**PROBLEM DETAILS**: Copy the listing exactly; drop the pictures.

**RECORDED INFORMATION**:

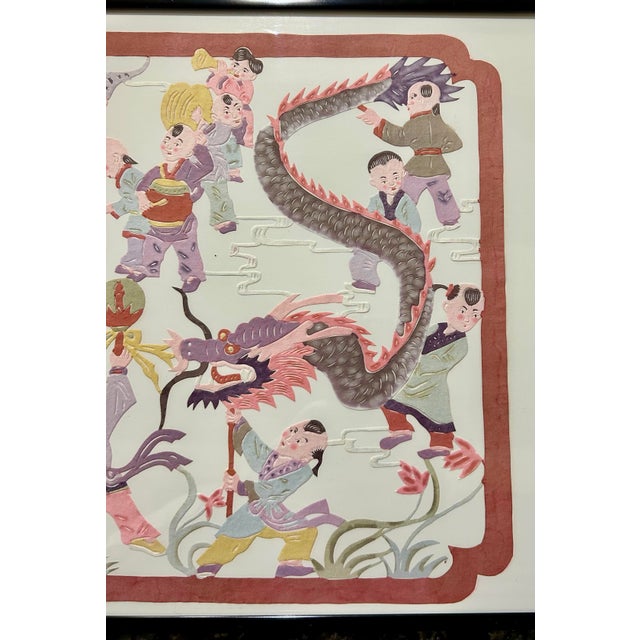 Mid 20th Century Large, Chinese Wall Hanging, Mixed Media, Depicting a Dragon Boat With Many Figures Celebrating an Event, 20th Century For Sale - Image 5 of 12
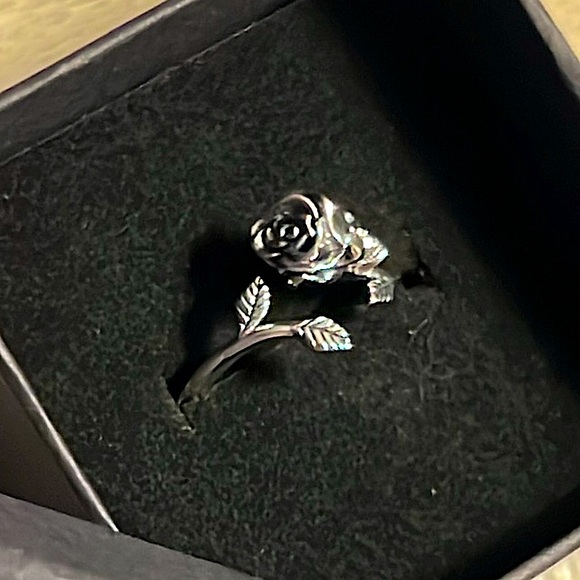 NWOT 🌹 STAMPED S925 STERLING SILVER ADJUSTABLE OPEN ROSE RING IN GIFT 🎁 BOX OS - Picture 6 of 11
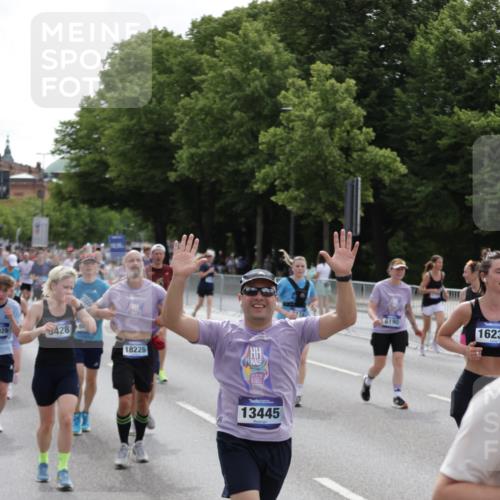 29.06.2025 - hella hamburg halbmarathon Jannik Wohlers http://msf.ph/oto/8289489 29.06.2025 10:36:07 Lombardsbrücke 1102, 1224, 2124, 3398, 3428, 4442, 5012, 5427, 5540, 5573, 5747, 5919, 6190, 6667, 7632, 8498, 8530, 8945, 9115, 9117, 9229, 9918, 10024, 10112, 10336, 10341, 10984, 11541, 11637, 12493, 13092, 13265, 13445, 14296, 15077, 15234, 15568, 15707, 15805, 16239, 16977, 17156, 17807, 18152, 18226, 18488, 18644, 18646, 18918, 18929 meine-sportfotos.de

**WRITTEN ANSWER**:
 Mid 20th Century Large, Chinese Wall Hanging, Mixed Media, Depicting a Dragon Boat With Many Figures Celebrating an Event, 20th Century For Sale - Image 5 of 12
 NWOT 🌹 STAMPED S925 STERLING SILVER ADJUSTABLE OPEN ROSE RING IN GIFT 🎁 BOX OS - Picture 6 of 11
 29.06.2025 - hella hamburg halbmarathon Jannik Wohlers http://msf.ph/oto/8289489 29.06.2025 10:36:07 Lombardsbrücke 1102, 1224, 2124, 3398, 3428, 4442, 5012, 5427, 5540, 5573, 5747, 5919, 6190, 6667, 7632, 8498, 8530, 8945, 9115, 9117, 9229, 9918, 10024, 10112, 10336, 10341, 10984, 11541, 11637, 12493, 13092, 13265, 13445, 14296, 15077, 15234, 15568, 15707, 15805, 16239, 16977, 17156, 17807, 18152, 18226, 18488, 18644, 18646, 18918, 18929 meine-sportfotos.de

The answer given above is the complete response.